MAGNA INTERNATIONAL INC.
337 Magna Drive
Aurora, Ontario, Canada L4G 7K1

Tel:  (905) 726-2462
Fax:  (905) 726-7173


Magna announces Board approval of previously announced arrangement involving
Russian Machines

    Magna International Inc. (TSX: MG.A, MG.B; NYSE: MGA)
today announced that its Board of Directors has approved a
definitive Plan of Arrangement and related agreements with respect to the
previously announced proposed strategic investment in Magna by Russian
Machines, a wholly owned subsidiary of Basic Element Limited.

    Rationale
    ---------

    The strategic investment is designed to accelerate Magna's strategic
efforts to capitalize on significant growth opportunities in the growing
Russian automotive market as well as other emerging markets. In targeting the
Russian market, Magna believes that the best way to minimize risk and maximize
return is by working together with an established industrial partner. It also
believes that having Russian Machines and its controlling shareholder Basic
Element as a strategic partner, with an aligned interest through a significant
ownership stake in Magna, will assist Magna in carrying out its expansion
strategy in Russia and other emerging markets. Basic Element is one of the
largest, privately held industrial conglomerates in Russia and its subsidiary
Russian Machines owns a majority interest in GAZ Group, which is Russia's
second-largest automotive manufacturer.

    Magna believes that, if implemented, the proposed Arrangement will
achieve a greater alignment of interests between the Stronach Trust, which
currently controls Magna, Russian Machines and other Magna shareholders and
will create "checks and balances" on the exercise of the Stronach Trust's
controlling interest in Magna by virtue of Russian Machines' Board nomination
rights and new corporate governance guidelines that will require certain major
transactions to be approved by two-thirds of the Board members.

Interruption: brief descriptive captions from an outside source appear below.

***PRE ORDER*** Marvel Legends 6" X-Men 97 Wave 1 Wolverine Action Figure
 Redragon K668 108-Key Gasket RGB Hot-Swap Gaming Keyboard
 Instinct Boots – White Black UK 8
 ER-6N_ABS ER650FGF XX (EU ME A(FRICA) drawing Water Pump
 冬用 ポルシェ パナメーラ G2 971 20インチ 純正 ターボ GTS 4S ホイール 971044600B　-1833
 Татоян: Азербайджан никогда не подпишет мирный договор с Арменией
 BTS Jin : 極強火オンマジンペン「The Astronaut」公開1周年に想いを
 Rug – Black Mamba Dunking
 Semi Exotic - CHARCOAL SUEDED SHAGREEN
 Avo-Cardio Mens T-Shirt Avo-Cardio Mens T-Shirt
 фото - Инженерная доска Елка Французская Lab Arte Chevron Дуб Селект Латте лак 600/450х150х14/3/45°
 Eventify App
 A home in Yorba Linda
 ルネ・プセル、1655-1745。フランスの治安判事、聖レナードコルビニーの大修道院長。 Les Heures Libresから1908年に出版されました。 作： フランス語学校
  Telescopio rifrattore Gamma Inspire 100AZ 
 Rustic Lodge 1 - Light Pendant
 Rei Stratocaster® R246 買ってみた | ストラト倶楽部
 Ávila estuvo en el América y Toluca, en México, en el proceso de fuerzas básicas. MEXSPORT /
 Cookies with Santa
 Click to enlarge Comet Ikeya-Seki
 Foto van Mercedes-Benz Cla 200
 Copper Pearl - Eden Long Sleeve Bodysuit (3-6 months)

Further, the
proposed alliance is designed to preserve the fundamental business
philosophies and operating principles that have been the cornerstone of
Magna's success, including Magna's Corporate Constitution and its Employee
Charter.

    Overview of Arrangement
    -----------------------

    The terms of the Arrangement and related agreements are consistent in all
material respects with those announced jointly by Magna and Basic Element on
May 10, 2007 and will be described in detail in the management information
circular/proxy statement (the "Circular") to be mailed on or about August 1,
2007 to Magna shareholders of record as of July 16, 2007 in respect of the
special meeting of Magna shareholders currently scheduled to take place on
August 28, 2007 (subject to court approval) to approve the Arrangement. The
Circular will contain relevant information concerning the Arrangement,
including a description of (i) the definitive transaction terms and
conditions, (ii) the Board's recommendation to shareholders, the factors
underlying the Board's recommendation and a description of the review
conducted by the Special Committee of independent directors and its legal and
financial advisors, (iii) the shareholder votes and court and regulatory
approvals required to carry out the Arrangement, which votes will include a
"majority of minority" of the votes cast by holders of Class A Subordinate
Voting Shares, voting separately as a class, and (iv) the dissent rights
available to "minority" Class B shareholders if the Arrangement includes the
proposed buyback of the Class B Shares other than those currently controlled
by the Stronach Trust. The remainder of this press release is qualified by the
more detailed information appearing in the Circular and shareholders are urged
to review the Circular carefully.

    Under the terms of the proposed Arrangement, Russian Machines would
invest approximately US$1.54 billion to acquire indirectly 20 million Magna
Class A Subordinate Voting Shares from treasury. A new Canadian holding
company ("Newco") would hold the respective holdings in Magna of the Stronach
Trust and Russian Machines, as well as a portion of the respective holdings in
Magna of Donald Walker, Siegfried Wolf, Vincent Galifi, Jeffrey Palmer and
Peter Koob (collectively, the "Principals"), all of whom are members of
Magna's executive management. Subject to approval by a majority of the votes
cast by "minority" Class B Shareholders, the proposed Arrangement would also
involve the purchase by Magna for cancellation of all outstanding Class B
Shares not held by the Stronach Trust for Cdn.$114.00 in cash per Class B
Share (the "Class B Share Acquisition"). If the Arrangement includes the Class
B Share Acquisition, the number of votes attached to the Class B Shares would
be reduced from 500 votes to 300 votes per share (the "Class B Share Vote
Reduction").

    Upon the completion of the proposed Arrangement, Newco will hold
indirectly 726,829 Class B Shares and 20,605,000 Class A Subordinate Voting
Shares. Assuming approval of the Class B Share Acquisition, Newco will
indirectly hold 100% of the outstanding Class B Shares and approximately 16%
of the outstanding Class A Subordinate Voting Shares, collectively
representing approximately 68.8% of the total voting power of all the
outstanding shares of Magna. In connection with the Arrangement, the Stronach
Trust and Russian Machines will enter into certain agreements governing their
relationship as shareholders, including the voting of the Magna shares held
indirectly by Newco and the terms upon which Russian Machines may elect to
withdraw, or the Stronach Trust may cause Russian Machines to withdraw, its
investment in Newco and terminate those governance arrangements.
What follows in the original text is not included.